Her research is in plant metabolic engineering and has included over 34 undergraduates. She was the lead PI on an NSF-funded Research Experience for Undergraduates site focusing on plant biology and has been the lead instructor for the Techniques in Plant Biology summer course at Cold Spring Harbor Laboratories. Having participated in an NSF-funded STEM undergraduate curriculum reform project early in her teaching career, she has taught broadly in the undergraduate curriculum, revamping numerous courses to foster student-active learning and has been an early adopter of instructional technology in the classroom. As a department head she has facilitated the efforts of junior faculty to incorporate evidence-based teaching practices into their teaching portfolios.
University of Massachusetts, Amherst
Gabriela C. Weaver is Vice Provost for Faculty Development, Director of the Center for Teaching and Faculty Development and professor of chemistry at the University of Massachusetts, Amherst.
Dr. Weaver received her B.S. in Chemistry in 1989 from the California Institute of Technology, and her Ph.D. in Chemical Physics in 1994 from the University of Colorado at Boulder. Dr. Weaver joined the Chemistry faculty at the University of Colorado at Denver in 1994 and joined the Chemistry faculty at Purdue University in 2001, where she served as Associate Head of the department from 2008-2009 and as the Jerry and Rosie Semler Director of the Discovery Learning Research Center from 2008-2014. Dr. Weaver’s research work in science education has focused on using inquiry-based methods for teaching science and on supplementing innovative instruction with technology tools. She has also engaged in work on faculty development and institutional transformation toward institutionalizing research-based teaching practices.

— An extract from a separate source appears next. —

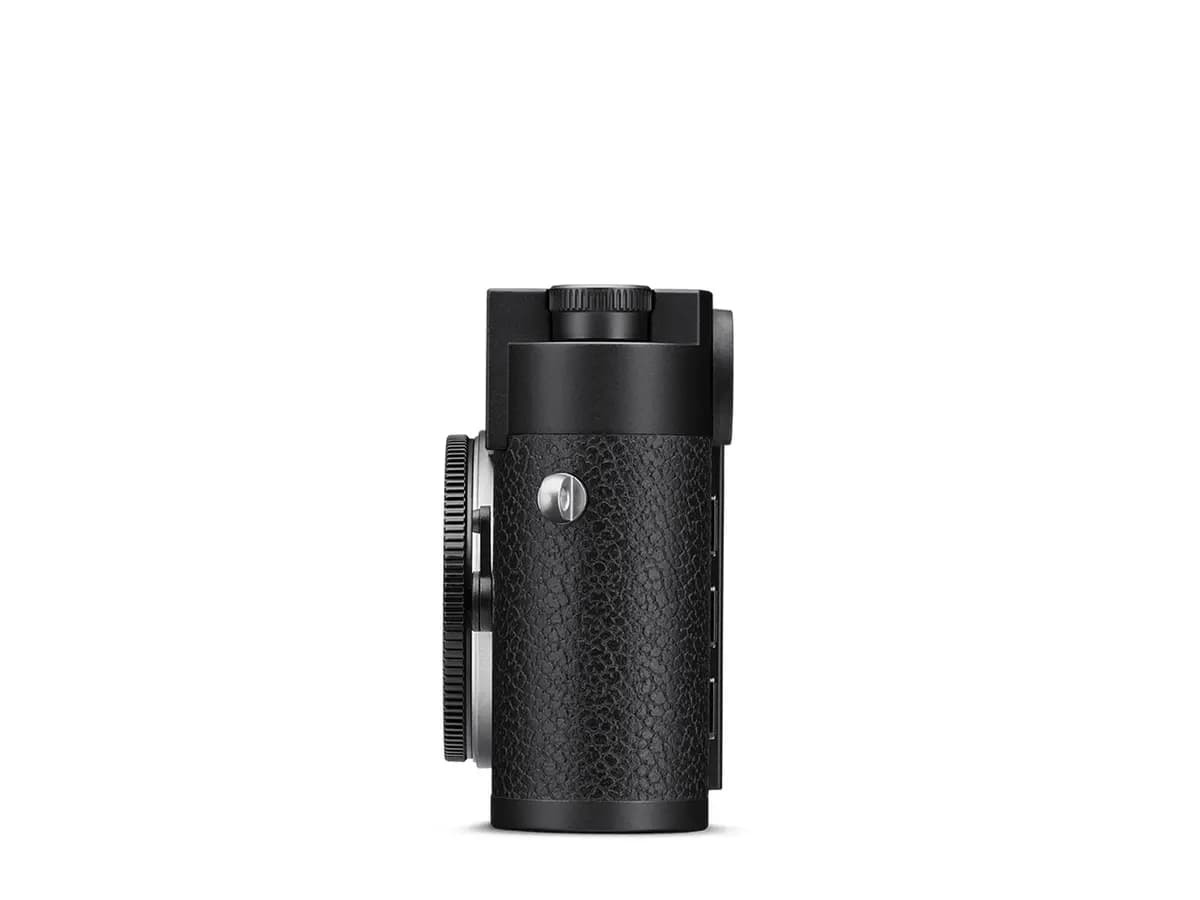 Leica M11-P in Black [Compact digital view and rangefinder system camera, Full-frame BSI CMOS sensor with Triple Resolution Technology, Maestro III processor for high-speed image p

From 2004-2012 she directed the NSF-funded Center for Authentic Science Practice in Education (CASPiE), a consortium of 17 universities and 2-year colleges that developed and implemented a teaching approach to provide 1st and 2nd year undergraduate students with authentic research experiences as part of their laboratory coursework. Initially developed for chemistry, the program is now being adopted in other science disciplines, including biology and atmospheric sciences. Over 5200 students at 17 institutions nationwide and in Australia have been through the program in the last 5 years. The success of the program among several different dimensions of learning and perception has been assessed. New institutions continue to adapt the CASPiE approach – the newest of which is the United States Military Academy at West Point, combining research projects in analytical chemistry, toxicology and chemical engineering through the CASPiE framework.